O desígnio comungado da racionalidade - na panóplia diversificada dos saberes científicos particulares vertido, e declinado - organiza o empreendimento nas andanças, e confere um escopo aos trabalhos: a infatigável, e inconclusa, procura multifacética de um dar razão.
Na diferença - das porções do ser interrogadas, dos questionários formulados, do ângulo em que se procede ao enfoque, da ferramenta instrumental empregue para o caminho, dos propósitos determinados que se visa atingir – há, de facto e na verdade, toda uma funda experiência desenvolvida do pensar que nos irmana.
Na partilha de um chão comum.
No indispensar da crítica.
Na sondagem do alicerce.
No cuidado que se presta ao estabelecimento correcto dos problemas.
Na exploração do leque de possíveis que cada existência adiante de si projecta.

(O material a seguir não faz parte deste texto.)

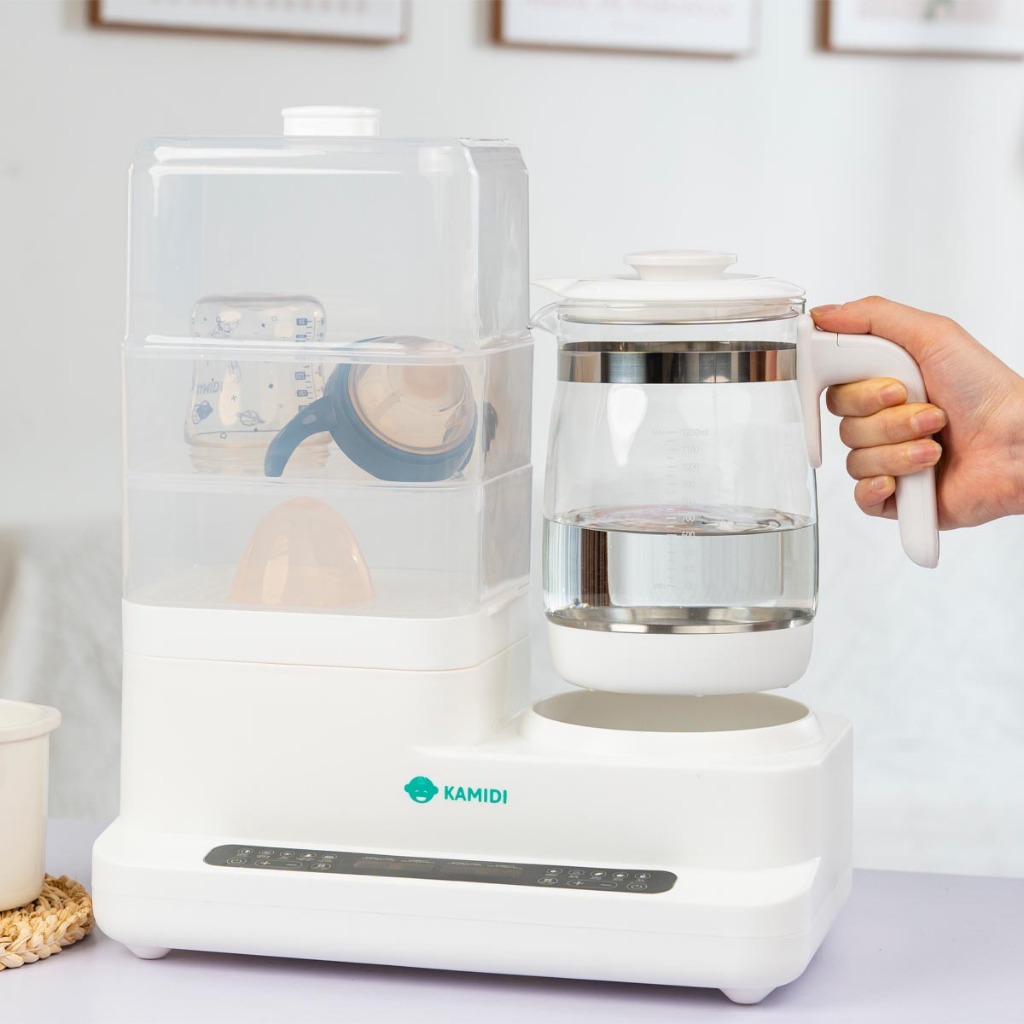 Phụ kiện Máy Tiệt Trùng Sấy Khô Đa Năng Kamidi Speed 2 và Kamidi Lux 1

A unidade do saber não é uma dádiva. Nem um mecânico efeito garantido. Não encontra, em cada estádio da viagem, uma tradução coordenada. Os desencontros (nem sempre, infecundos) são muitos, e flagrantes. Todavia, na base da unidade material do ser em deveniência, irão sendo -- com trabalho, e lucidez - resolúveis. É o desafio que, em aberto, ao aberto nos concita.
§ 5. Remate
Finda a digressão festiva, é altura do remate sério.
Produto sedimentar de uma cultura amadurecidamente trabalhada pelo Autor, a obra que no acto cultural deste fim de tarde nos reúne constitui uma valiosa aportação histórico-epistemológica para o esmiuçamento – documentado, e penetrante – de muitas destas inquietações. Que em nada relevam do passatempo para o vagar das horas, nem da borboletância em vagueio por vielas escusas, nem de uma retrovidente predilecção pelas finas delicadezas do antiquariato inútil.
Contando o aventuroso das descobertas que foram conferindo expressão visível ao património cognitivo das Ciências da Terra, o livro incita à aventura de se deixar ele próprio descobrir.
Através de uma leitura reflectida. Que ele proporciona, sugere, e induz.
Razões em abundância, e mais do que justificadas, para que fique agora expressa ao Professor António Marcos Galopim de Carvalho a nossa funda gratidão, por este novo dom, que impresso nos atira. Com profundeza no saber, e graça no narrar. Para nosso gratificante saboreio.
Na Arte, na Ciência – em qualquer relacionamento humano com espessura -, a gratulação mais grata que a outrem se dirige é aquela que assenta numa congratulação sentida. O objecto não apenas safisfez a precisão do sujeito, mas mexeu com ele.
E vale a pena, que não dá, remexer neste escrito.
Muito obrigado, António, pela fruição que o teu fruto nos estende, e em nós desperta.
Lisboa, Setembro de 2014.
Nota: Cf. António Marcos GALOPIM DE CARVALHO, Evolução do pensamento geológico nos contextos filosófico, religioso, social e político da Europa, Lisboa, Âncora Editora, 2014, 280 pp.